[[ DATA SHOWN open ]]

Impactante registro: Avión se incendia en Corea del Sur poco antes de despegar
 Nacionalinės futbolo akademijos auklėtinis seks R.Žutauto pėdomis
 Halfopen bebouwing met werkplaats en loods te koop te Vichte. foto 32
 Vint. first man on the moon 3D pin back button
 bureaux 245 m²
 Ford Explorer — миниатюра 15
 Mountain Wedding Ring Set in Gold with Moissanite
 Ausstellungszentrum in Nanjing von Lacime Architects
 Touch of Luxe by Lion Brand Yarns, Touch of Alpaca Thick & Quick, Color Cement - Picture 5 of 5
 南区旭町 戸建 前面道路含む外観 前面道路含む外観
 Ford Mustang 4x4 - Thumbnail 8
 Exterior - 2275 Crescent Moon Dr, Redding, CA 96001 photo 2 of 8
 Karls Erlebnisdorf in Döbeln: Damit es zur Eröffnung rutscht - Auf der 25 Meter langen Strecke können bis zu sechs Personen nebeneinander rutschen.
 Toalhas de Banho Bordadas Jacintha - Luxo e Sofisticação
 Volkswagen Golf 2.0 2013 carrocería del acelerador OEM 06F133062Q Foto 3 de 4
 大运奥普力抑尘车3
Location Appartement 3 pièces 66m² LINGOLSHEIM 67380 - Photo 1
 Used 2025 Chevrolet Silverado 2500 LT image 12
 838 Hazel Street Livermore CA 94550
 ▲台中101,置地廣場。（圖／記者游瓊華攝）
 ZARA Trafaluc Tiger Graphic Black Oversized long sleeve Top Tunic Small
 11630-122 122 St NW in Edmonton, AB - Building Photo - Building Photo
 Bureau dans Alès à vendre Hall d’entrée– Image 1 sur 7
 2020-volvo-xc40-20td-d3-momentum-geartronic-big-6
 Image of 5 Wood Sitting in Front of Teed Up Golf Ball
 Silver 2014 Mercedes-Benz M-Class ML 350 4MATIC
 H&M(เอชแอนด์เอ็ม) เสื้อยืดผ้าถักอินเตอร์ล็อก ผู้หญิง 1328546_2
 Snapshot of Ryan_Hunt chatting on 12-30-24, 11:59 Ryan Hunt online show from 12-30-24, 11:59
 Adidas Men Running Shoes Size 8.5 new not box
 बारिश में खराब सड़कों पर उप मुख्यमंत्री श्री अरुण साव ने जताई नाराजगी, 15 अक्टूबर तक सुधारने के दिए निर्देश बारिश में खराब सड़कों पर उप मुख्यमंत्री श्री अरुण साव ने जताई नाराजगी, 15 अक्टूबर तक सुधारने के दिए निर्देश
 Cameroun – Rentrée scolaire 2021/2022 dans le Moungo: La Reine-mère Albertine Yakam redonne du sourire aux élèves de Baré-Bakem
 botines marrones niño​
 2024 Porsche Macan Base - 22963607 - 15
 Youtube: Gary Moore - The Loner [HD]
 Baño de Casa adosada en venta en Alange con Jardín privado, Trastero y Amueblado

[[ DATA SHOWN closed ]]

■ EXERCISE BRIEF
Starting at the top of the records, copy every line exactly.

■ RESULT
Impactante registro: Avión se incendia en Corea del Sur poco antes de despegar
 Nacionalinės futbolo akademijos auklėtinis seks R.Žutauto pėdomis
 Halfopen bebouwing met werkplaats en loods te koop te Vichte. foto 32
 Vint. first man on the moon 3D pin back button
 bureaux 245 m²
 Ford Explorer — миниатюра 15
 Mountain Wedding Ring Set in Gold with Moissanite
 Ausstellungszentrum in Nanjing von Lacime Architects
 Touch of Luxe by Lion Brand Yarns, Touch of Alpaca Thick & Quick, Color Cement - Picture 5 of 5
 南区旭町 戸建 前面道路含む外観 前面道路含む外観
 Ford Mustang 4x4 - Thumbnail 8
 Exterior - 2275 Crescent Moon Dr, Redding, CA 96001 photo 2 of 8
 Karls Erlebnisdorf in Döbeln: Damit es zur Eröffnung rutscht - Auf der 25 Meter langen Strecke können bis zu sechs Personen nebeneinander rutschen.
 Toalhas de Banho Bordadas Jacintha - Luxo e Sofisticação
 Volkswagen Golf 2.0 2013 carrocería del acelerador OEM 06F133062Q Foto 3 de 4
 大运奥普力抑尘车3
Location Appartement 3 pièces 66m² LINGOLSHEIM 67380 - Photo 1
 Used 2025 Chevrolet Silverado 2500 LT image 12
 838 Hazel Street Livermore CA 94550
 ▲台中101,置地廣場。（圖／記者游瓊華攝）
 ZARA Trafaluc Tiger Graphic Black Oversized long sleeve Top Tunic Small
 11630-122 122 St NW in Edmonton, AB - Building Photo - Building Photo
 Bureau dans Alès à vendre Hall d’entrée– Image 1 sur 7
 2020-volvo-xc40-20td-d3-momentum-geartronic-big-6
 Image of 5 Wood Sitting in Front of Teed Up Golf Ball
 Silver 2014 Mercedes-Benz M-Class ML 350 4MATIC
 H&M(เอชแอนด์เอ็ม) เสื้อยืดผ้าถักอินเตอร์ล็อก ผู้หญิง 1328546_2
 Snapshot of Ryan_Hunt chatting on 12-30-24, 11:59 Ryan Hunt online show from 12-30-24, 11:59
 Adidas Men Running Shoes Size 8.5 new not box
 बारिश में खराब सड़कों पर उप मुख्यमंत्री श्री अरुण साव ने जताई नाराजगी, 15 अक्टूबर तक सुधारने के दिए निर्देश बारिश में खराब सड़कों पर उप मुख्यमंत्री श्री अरुण साव ने जताई नाराजगी, 15 अक्टूबर तक सुधारने के दिए निर्देश
 Cameroun – Rentrée scolaire 2021/2022 dans le Moungo: La Reine-mère Albertine Yakam redonne du sourire aux élèves de Baré-Bakem
 botines marrones niño​
 2024 Porsche Macan Base - 22963607 - 15
 Youtube: Gary Moore - The Loner [HD]
 Baño de Casa adosada en venta en Alange con Jardín privado, Trastero y Amueblado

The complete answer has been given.